**Raw data:**

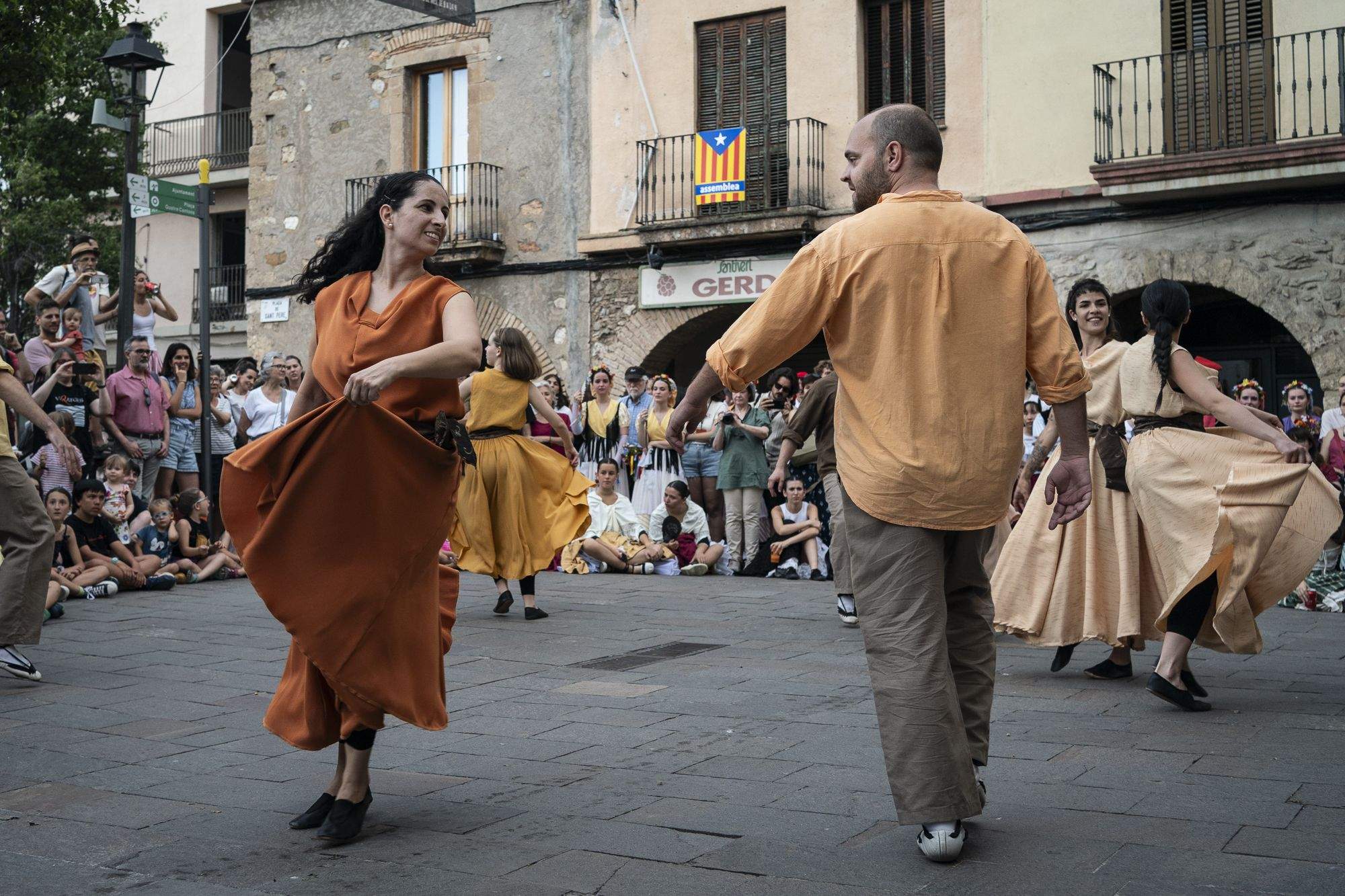 Corres Esbarts i Jota del 50è aniversari de l'Esbart Sant Cugat. FOTO: Mireia Comas
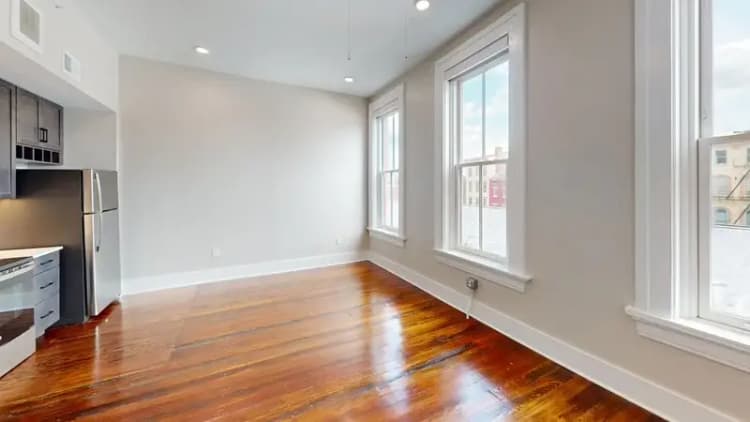 undefined apartments for rent - image - 116-W-Elder-Street-202302402-Photo-2.webp
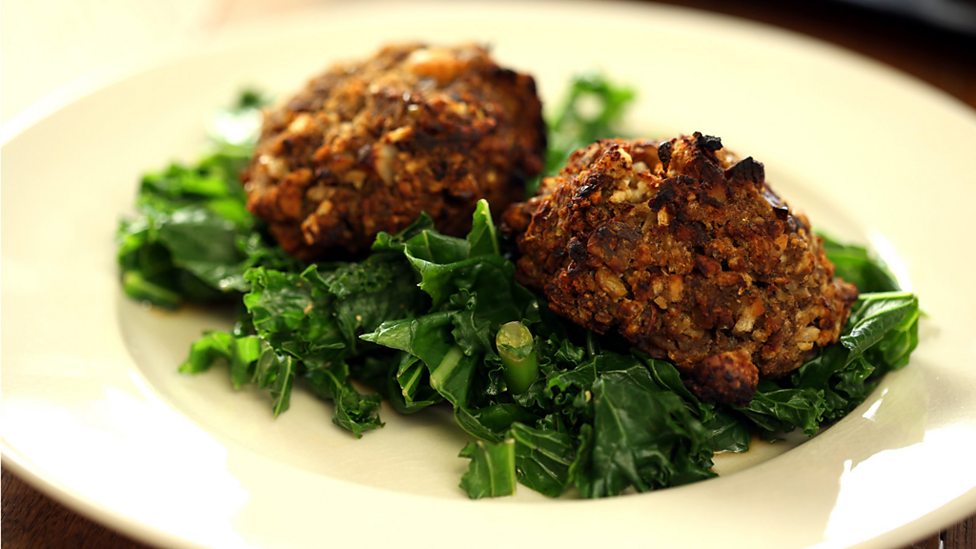 BBC One Nigel Slater's 12 Tastes of Christmas, Episode 1, Porcini nut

**Task objective:** Repeat the material above exactly; pictures do not belong in the copy.

**Exercise response:**
 Corres Esbarts i Jota del 50è aniversari de l'Esbart Sant Cugat. FOTO: Mireia Comas
 undefined apartments for rent - image - 116-W-Elder-Street-202302402-Photo-2.webp
 BBC One Nigel Slater's 12 Tastes of Christmas, Episode 1, Porcini nut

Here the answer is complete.